Defence of the GPL realm (The H)
Posted Dec 18, 2012 9:52 UTC (Tue) by
farnz (guest, #17727)
In reply to:
Defence of the GPL realm (The H) by gowen
Parent article:
Defence of the GPL realm (The H)
While I'm not a lawyer, I've obtained advice on this subject before. I'll try and summarize it here. Note that I'm deliberately not identifying my jurisdiction here - it's not legal advice, and may not apply where you are, it's just a summary of a discussion I've had with someone who's qualified to give such advice if you pay them.
The legal situation in my jurisdiction is likely to be that the module as component parts (i.e. the blob .o, and the shim source) is legally acceptable - you are being given a set of components written to an API that the kernel implements, and as long as the two are not combined, only the copyright holder of the binary blob components you've been given can control redistribution (so, in the case of the NVIDIA blob, you can distribute the binary blob plus the shim source freely, as that's what NVIDIA says is OK).
My lawyer suspected this theory would continue to hold if you distributed the compiled blob for a specific kernel version, as long as you distributed it independently of the kernel (e.g. if NVIDIA provided precompiled binaries for RHEL 5's kernel), but was less confident of this pronouncement. The legal reasoning would be that the module was not a derived work - it was written to the Linux functional API only, which is not protected by copyright law.
Where you hit problems is when you try to distribute both the kernel and the binary module together. At this point, my lawyer thinks you have to comply with the licenses on both parts at once - as the kernel license requires source under GPL, and the binary license says you can't distribute source, you're stuck breaking one set of obligations or the other, and thus hit the GPL's catch-22 - either you comply with the GPL (which means supplying NVIDIA's secret source in breach of your license from NVIDIA), or you comply with NVIDIA's license, which means that you cannot be licensing the kernel under the GPL, and thus cannot point to any license that permits you to distribute the kernel.

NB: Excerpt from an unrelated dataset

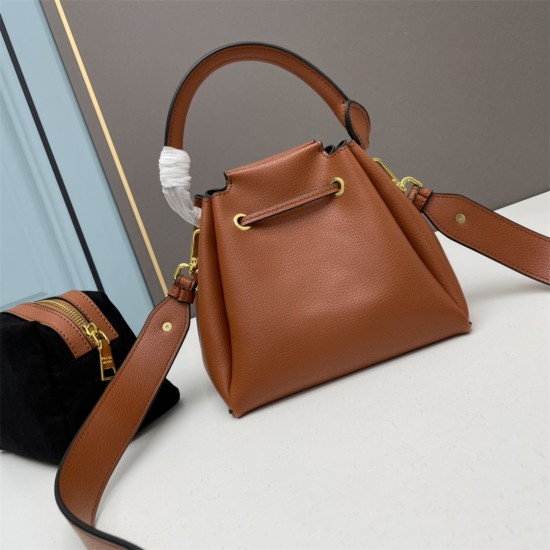 PRADA Hand bag,Shoulder Bags 007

Note that my lawyer believed that distributing the two bits separately for self-assembly by your end customer is acceptable, as in that case it's possible that the customer will not assemble them, but instead will use the binary blob with a differently licensed kernel (e.g. if someone wrote a BSD-licensed shim layer for NetBSD that could make the NVIDIA blob work). It's distributing the combination together that's a problem; if the end-user has to go to enough extra effort to combine them, it's no longer a problem.

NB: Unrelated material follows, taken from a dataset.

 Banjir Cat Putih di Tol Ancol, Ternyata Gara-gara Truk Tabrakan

This affects (for example) embedded systems; if I build an arcade machine around a PC with NVIDIA graphics, I have to get the final owner of the machine to combine the NVIDIA module with the kernel before it works; I am not allowed to do that for them, as the resulting machine is no longer legally redistributable thanks to copyright law. In turn, the only plausible attack on NVIDIA is via this embedded route - find a customer who NVIDIA can't afford to lose who's distributing the binary blob together with the matching kernel binary, and go for them, in the knowledge that NVIDIA will step in to protect them.